Tout à l'heure, en faisant le tri dans le bazar de mon placard, je suis tombée sur une photo de lui. C'était l'été dernier. Il y a un an tout juste. Cela devait être la seule qui me restait. Je l'ai regardée, longuement. Le ciel bleu, son sourire... Je l'ai déchirée et mise à la poubelle. Au milieu de mes cartons, je me suis revue, pendant les vacances de la Toussaint. A tout déballer, à admirer la vue, à ne pas croire en ma chance, à m'exclamer que cet appartement serait pour nous une nouvelle vie... C'était il y a peu de temps, au fond. Les choses peuvent changer si vite... Je l'ai revu lui, en train de me construire ma bibliothèque, mon étagère à CD. Je l'ai revu rigoler parce que je n'arrivais pas à monter ma table I**A, je me suis revue moi revenir triomphalement parce que finalement, j'y étais parvenue, toute seule comme une grande, avec mes petites mains. On était descendu manger un sandwich en ville, j'avais l'impression de mener une vie de bohème, persuadée que le meilleur était devant nous... Ca, c'était le côté merveilleux... Moins drôle, je l'ai revu aussi faire la gueule parce qu'il n'y avait pas de place de parking, et gueuler après le simple vitrage. Il allait me faire payer un peu tous les jours le choix de cet appartement... Ca, c'était le côté nettement moins merveilleux. Alors effectivement, j'ai déchiré et jeté la photo.

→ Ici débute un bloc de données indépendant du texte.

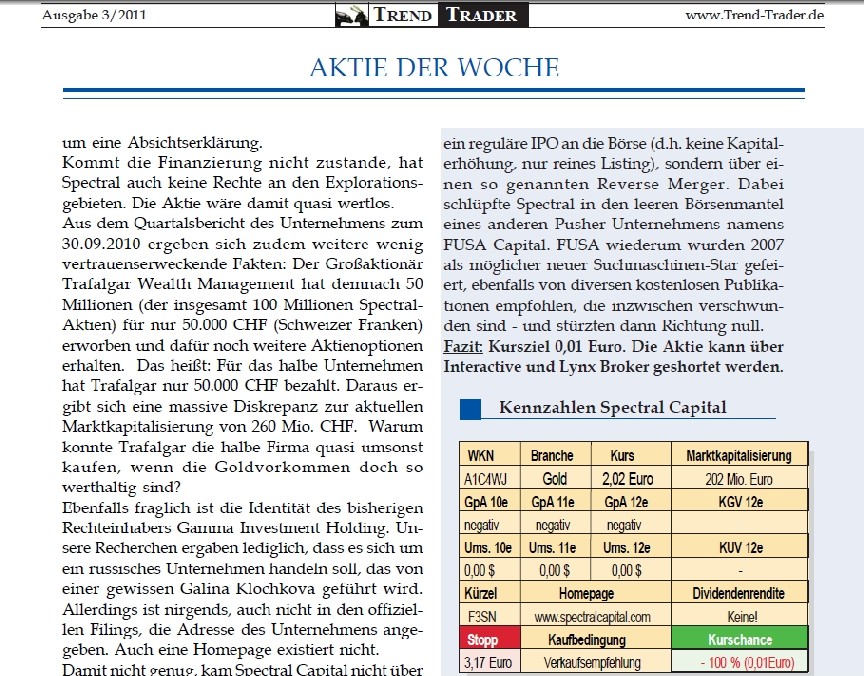 Geschätzter Wert der Goldvorkommen: 5 Milliarden 375978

Ce déménagement, je l'attends avec impatience. Je n'aurai aucun souvenir avec lui dans le nouvel appartement que j'ai trouvé dans la ville de L... Appartement qui, d'ailleurs, comme c'est amusant, a parking et double vitrage... Je pourrai me balader en centre-ville sans me dire "Tiens, c'est dans ce magasin que nous avions trouvé ses baskets", ni soupirer en passant devant le cinéma. Bien sûr, la ville de L., ce n'est pas très folichon : 20 % de chômage, beaucoup de personnes âgées, des bâtiments tristes, tristes, tristes... Mais là-bas, au moins, je ne craindrai pas de le croiser et ça, c'est inestimable. J'ai besoin d'un endroit où rien ne me rappelera sa présence, ni notre premier baiser, ni notre première fois, ni nos premières balades ensemble, ni rien qui lui ressemble, de près ou de loin. Je sais que je ne risque pas de le voir là-bas. Et c'est très bien ainsi. Parce que je fuis, et fuierai, toute occasion où nos chemins seraient susceptibles de se croiser à nouveau.

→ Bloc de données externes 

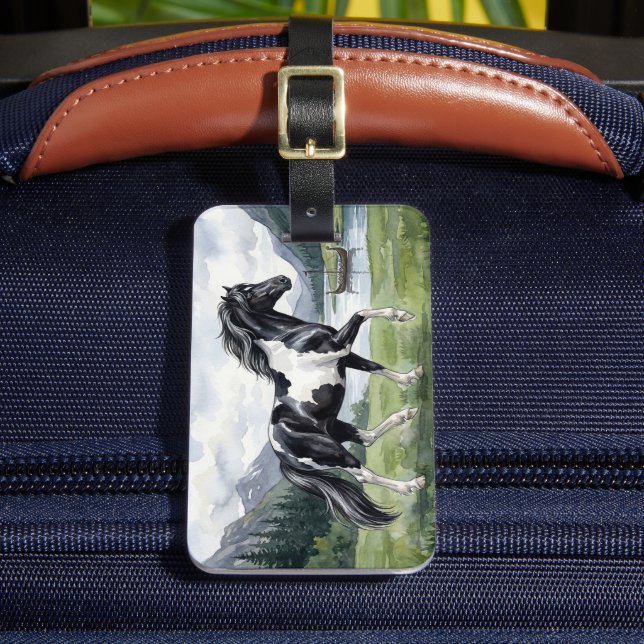 Étiquette À Bagage Brunskjottur Black pinto Icelandic (Insitu Rectoal 2)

Cette nouvelle vie va m'aider. Je l'aborde en toute confiance car personne ne me connaîtra, et personne ne le connaîtra lui. Il n'y aura que moi. Moi, libre de me faire apprécier, libre de plaire, car je sais, grâce à une certaine personne que je remercie intérieurement tous les jours, que j'en suis capable. Grâce à lui, je me regarde autrement dans le miroir. Et j'évite de m'apesantir. Et je trace ma route. Ce qui fait que maintenant, quand je fais mes cartons, je ne pense plus à ces vacances de la Toussaint où j'arrivais, toute fraîche et pleine d'espoir, enthousiaste, fière de vivre ce nouvel élan avec lui. Non, je pense à sa tête de six pieds de long : "Yaaa pas de parkiiiiiing !" et à ses jérémiades : "Yaaaaaaaaaaa pas de double vitraaaaaaage !". Je pense à tous mes amis, à mes proches, qui avaient trouvé cet appartement absolument magnifique. Et à lui, aveugle, obsédé par les inconvénients, au point de me faire la gueule. Et plus j'y pense, plus je me dis qu'il ne devait déjà plus m'aimer beaucoup à l'époque pour rester bloqué là-dessus. Il aurait pu savourer cette nouvelle étape avec moi. Mais non. Il était déjà ailleurs. Au fond, j'étais déjà seule à l'époque... Sauf qu'aujourd'hui, c'est officiel.